The results of the comparison are shown in Table 2 for 50 simulations runs. We compute the following metrics: the average video bitrate (in Kbps), the average number of bitrate variations, the average number of playback interruptions and the variance of the quality. The last metric allows us to know how far is the temporal bitrate from the average bitrate. Since users prefer gradual quality variation, small values of the variance are better for the quality of experience. The buffer based method of BSC outperforms BBA-0 and BBA-1 in terms of video bitrate and bitrate variability with a little risk of video playback interruption, those metrics considered as most important metrics in video quality of experience.

Table 2. Average of QoE metrics: average quality, quality variability, number of switches and number of playback interruption.

The Backward-Shifted Coding system (for both throughput and buffer based methods) outperforms classic DASH algorithms in terms of video quality.
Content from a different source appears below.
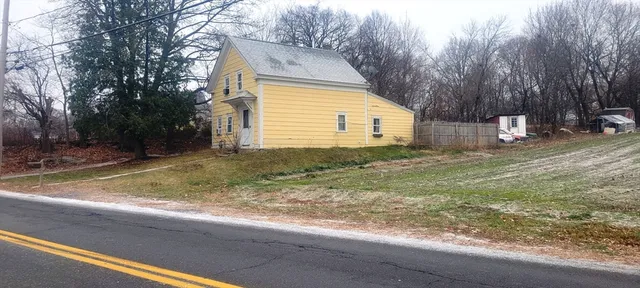 a view of backyard of house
But in order to reduce the number of quality variations, we need to adopt a buffer based approach.

5 Conclusion

In this paper, we studied the bitrate adaptation in the Backward-Shifted Coding (BSC) scheme and compared it with DASH based SVC solutions. Since BSC splits the segments into low layer segments and top layers segments and send them independently in two distinct blocks, the main challenge is how to choose the bitrates of those segments given the network capacity which tend to highly fluctuate. Furthermore, with this time redundancy property of BSC, we are able to transmit segments and improve later their quality by sending only the appropriate number of enhancement layers.

We have proposed two bitrate adaptation algorithms, namely TB-BSC and BB-BSC, which have been designed on top of BSC. They are based on network throughput measurements and playback buffer occupancy level, respectively. We show that BSC system (HTTP adaptive video streaming system in general) may suffer from throughput estimation errors, thus, impacting the resulting QoE since we have a high number of quality variations. The limitations of the throughput based methods are overcome with the buffer based methods which set a good tradeoff between the video quality and the quality variations.

We further performed simulations compare the efficiency of BSC adaptation methods to existing DASH based SVC solutions. The results show that BSC adaptation methods achieve better video quality under same network conditions, providing a DASH-compliant solution rendering high quality video in HTTP adaptive streaming.